R分析
RStudio简介
Rstudio:https://www.rstudio.com/products/rstudio/download/ 使用免費版的就夠用了。
功能:History,Environment,Plot,Dataset View,CLI,Script,GIT。
收費的是BS架構,可以看到Dataset顯示的js。
1. 查看数据
str
head
tail
dim
names
summary
class
levels:显示各个水平
length
attributes
nrow
ncol
2. 数据预处理
抽样
NA值处理
判断
is.na
取众数
# Since many passengers embarked at Southampton, we give them the value S.
all_data$Embarked[c(62, 830)] <- "S"
取中位数
all_data$Fare[1044] <- median(all_data$Fare, na.rm = TRUE)
取拟合回归值(连续变量)
# This time you give method = "anova" since you are predicting a continuous variable.
library(rpart)
predicted_age <- rpart(Age ~ Pclass + Sex + SibSp + Parch + Fare + Embarked + Title + family_size,
data = all_data[!is.na(all_data$Age),], method = "anova")

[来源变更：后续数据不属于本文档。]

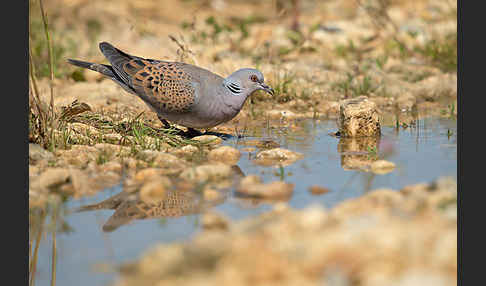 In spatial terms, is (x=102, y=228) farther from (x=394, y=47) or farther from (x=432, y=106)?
(x=394, y=47)

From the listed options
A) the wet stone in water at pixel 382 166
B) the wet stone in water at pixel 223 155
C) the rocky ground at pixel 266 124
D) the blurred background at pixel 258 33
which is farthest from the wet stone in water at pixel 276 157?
the blurred background at pixel 258 33

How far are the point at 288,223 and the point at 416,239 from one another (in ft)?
1.78

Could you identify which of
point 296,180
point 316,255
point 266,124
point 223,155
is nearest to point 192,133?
point 266,124

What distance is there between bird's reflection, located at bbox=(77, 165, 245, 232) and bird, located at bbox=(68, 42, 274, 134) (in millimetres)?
1386

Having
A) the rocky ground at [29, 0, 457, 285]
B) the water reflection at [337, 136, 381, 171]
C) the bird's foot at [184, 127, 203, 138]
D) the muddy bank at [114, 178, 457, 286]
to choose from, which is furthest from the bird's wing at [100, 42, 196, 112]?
the muddy bank at [114, 178, 457, 286]

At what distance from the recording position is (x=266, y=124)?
21.2ft

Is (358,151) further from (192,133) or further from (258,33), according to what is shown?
(258,33)

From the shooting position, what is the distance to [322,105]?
7176mm

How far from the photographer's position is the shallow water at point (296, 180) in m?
3.21

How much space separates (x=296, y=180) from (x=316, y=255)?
199 centimetres

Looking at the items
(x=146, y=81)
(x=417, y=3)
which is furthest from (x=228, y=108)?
(x=417, y=3)

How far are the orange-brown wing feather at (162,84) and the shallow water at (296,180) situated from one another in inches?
23.3

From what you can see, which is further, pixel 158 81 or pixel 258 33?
pixel 258 33

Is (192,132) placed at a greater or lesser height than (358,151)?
greater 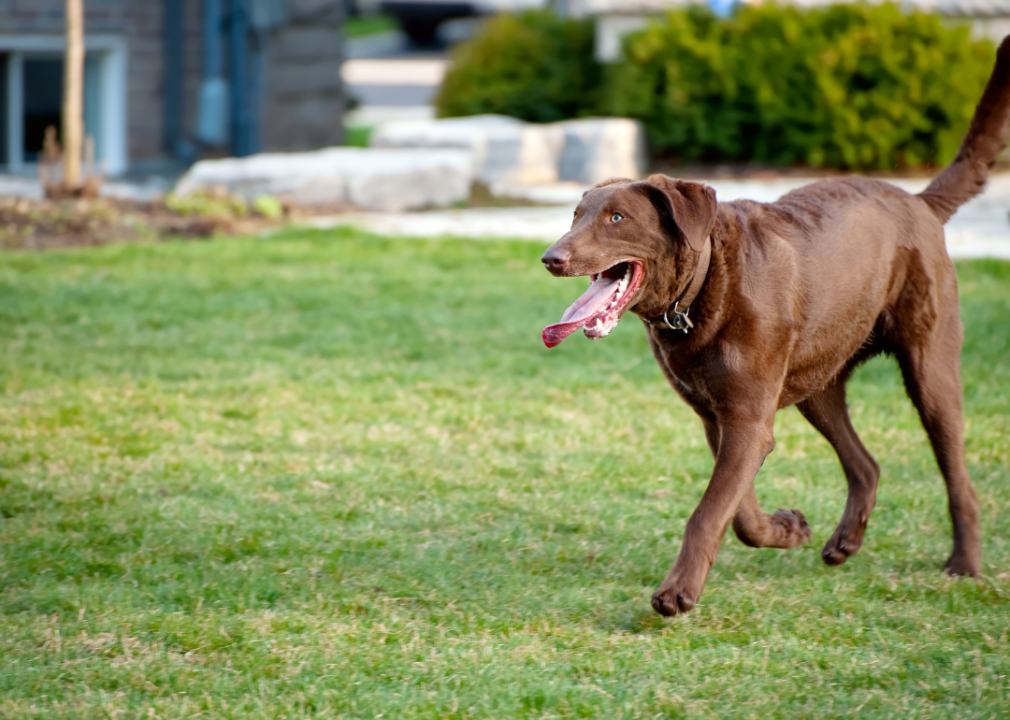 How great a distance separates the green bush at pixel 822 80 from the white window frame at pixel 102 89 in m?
5.46

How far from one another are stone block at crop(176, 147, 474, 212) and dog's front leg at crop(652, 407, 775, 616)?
7.96 metres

all_data$Age[is.na(all_data$Age)] <- predict(predicted_age, all_data[is.na(all_data$Age),])
选取非空数据集来拟合,预测空数据集。
类型转化
as.factor(Survived)
离散化
二分离散
train$Child[train$Age] <- 0
train$Child[train$Age<18] <- 1
分段离散
<10
[10,20)
[20,30)
[30,+)
增加列和删除列
test$Survived <- rep(0,418)
test$Child <- NULL
构造数据框
my_solution <- data.frame(PassengerId = test$PassengerId, Survived = my_prediction)
划分 Training & Test
训练集和测试集的构造比较好的是随机混洗,且采用多级机制。
混洗:
n <- nrow(titanic) #总的行数
shuffled <- titanic[sample(n),] #Shuffle the dataset, call the result shuffled
安装7:3的比例划分:
train <- shuffled[1:round(0.7 * n),]
test <- shuffled[(round(0.7 * n) + 1):n,]
3. 建模
机器学习的特点:
It actually involves making predictions about observations based on previous information.
分类Classfication,聚类Clustering,回归Regression
选择算法
交叉验证
Cross Validation.
set.seed(1)
accs <- rep(0,6) #初始化精度向量
for (i in 1:6) {
# 索引,按照六份的比例
indices <- (((i-1) * round((1/6)*nrow(shuffled))) + 1):
((i*round((1/6) * nrow(shuffled))))
train <- shuffled[-indices,]
test <- shuffled[indices,]
# 建模
tree <- rpart(Survived ~ ., train, method = "class")
# 预测
pred <- predict(tree,test,type="class")
# Assign the confusion matrix to conf
conf <- table(test$Survived,pred)
# 计算精度
accs[i] <- sum(diag(conf))/sum(conf)
}
# 取精度的平均值
mean(accs)
4. 特征提取
- Feature engineering really boils down to(歸結到) the human element in machine learning.
- How much you understand the data, with your human intuition and creativity, can make the difference.
- Enter feature engineering: creatively engineering your own features by combining the different existing variables.
- In fact, feature engineering has been described as easily the most important factor in determining the success or failure of your predictive model.